**What you will do**
Beginning at the top of the data below, write out every line exactly until you reach the line with "How much does", and include that line.

**Records for this exercise**

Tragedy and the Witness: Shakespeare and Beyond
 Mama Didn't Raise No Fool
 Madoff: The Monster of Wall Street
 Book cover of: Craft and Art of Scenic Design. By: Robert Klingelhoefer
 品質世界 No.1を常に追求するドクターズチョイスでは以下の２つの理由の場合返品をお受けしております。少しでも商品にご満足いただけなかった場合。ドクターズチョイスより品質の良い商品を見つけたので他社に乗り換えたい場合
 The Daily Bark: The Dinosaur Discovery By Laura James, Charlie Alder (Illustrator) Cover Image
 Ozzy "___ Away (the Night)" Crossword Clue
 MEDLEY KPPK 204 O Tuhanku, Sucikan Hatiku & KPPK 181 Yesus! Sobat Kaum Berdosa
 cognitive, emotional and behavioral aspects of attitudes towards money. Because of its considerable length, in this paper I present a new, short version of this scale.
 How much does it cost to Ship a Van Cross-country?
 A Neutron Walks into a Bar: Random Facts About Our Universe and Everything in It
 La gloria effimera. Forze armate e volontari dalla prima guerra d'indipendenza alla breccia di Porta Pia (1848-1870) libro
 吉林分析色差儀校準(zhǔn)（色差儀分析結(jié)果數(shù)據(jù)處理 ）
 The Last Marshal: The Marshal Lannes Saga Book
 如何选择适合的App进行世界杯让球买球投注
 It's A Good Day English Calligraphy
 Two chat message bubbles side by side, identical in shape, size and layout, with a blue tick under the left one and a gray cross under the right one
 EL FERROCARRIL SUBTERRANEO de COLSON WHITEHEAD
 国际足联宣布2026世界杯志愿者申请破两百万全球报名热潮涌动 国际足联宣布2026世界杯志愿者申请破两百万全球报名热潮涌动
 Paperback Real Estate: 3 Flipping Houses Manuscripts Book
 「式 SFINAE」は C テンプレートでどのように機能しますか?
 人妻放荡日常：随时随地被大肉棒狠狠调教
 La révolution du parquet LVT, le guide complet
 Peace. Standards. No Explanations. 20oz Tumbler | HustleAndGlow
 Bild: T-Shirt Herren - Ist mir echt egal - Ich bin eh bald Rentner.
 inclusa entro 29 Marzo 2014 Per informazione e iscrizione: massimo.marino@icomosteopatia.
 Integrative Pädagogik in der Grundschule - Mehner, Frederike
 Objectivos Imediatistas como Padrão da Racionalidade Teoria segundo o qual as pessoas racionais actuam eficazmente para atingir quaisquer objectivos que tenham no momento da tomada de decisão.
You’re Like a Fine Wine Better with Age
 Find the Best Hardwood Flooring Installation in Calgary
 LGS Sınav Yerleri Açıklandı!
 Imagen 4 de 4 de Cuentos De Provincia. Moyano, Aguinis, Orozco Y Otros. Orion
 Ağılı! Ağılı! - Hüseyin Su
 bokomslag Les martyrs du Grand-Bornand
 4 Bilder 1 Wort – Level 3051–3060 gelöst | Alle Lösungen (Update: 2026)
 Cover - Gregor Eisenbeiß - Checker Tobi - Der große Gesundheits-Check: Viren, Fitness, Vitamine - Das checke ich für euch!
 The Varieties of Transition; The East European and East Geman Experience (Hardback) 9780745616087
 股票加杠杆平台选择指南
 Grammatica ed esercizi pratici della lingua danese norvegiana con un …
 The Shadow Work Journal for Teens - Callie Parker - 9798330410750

**Response for this exercise**
Tragedy and the Witness: Shakespeare and Beyond
 Mama Didn't Raise No Fool
 Madoff: The Monster of Wall Street
 Book cover of: Craft and Art of Scenic Design. By: Robert Klingelhoefer
 品質世界 No.1を常に追求するドクターズチョイスでは以下の２つの理由の場合返品をお受けしております。少しでも商品にご満足いただけなかった場合。ドクターズチョイスより品質の良い商品を見つけたので他社に乗り換えたい場合
 The Daily Bark: The Dinosaur Discovery By Laura James, Charlie Alder (Illustrator) Cover Image
 Ozzy "___ Away (the Night)" Crossword Clue
 MEDLEY KPPK 204 O Tuhanku, Sucikan Hatiku & KPPK 181 Yesus! Sobat Kaum Berdosa
 cognitive, emotional and behavioral aspects of attitudes towards money. Because of its considerable length, in this paper I present a new, short version of this scale.
 How much does it cost to Ship a Van Cross-country?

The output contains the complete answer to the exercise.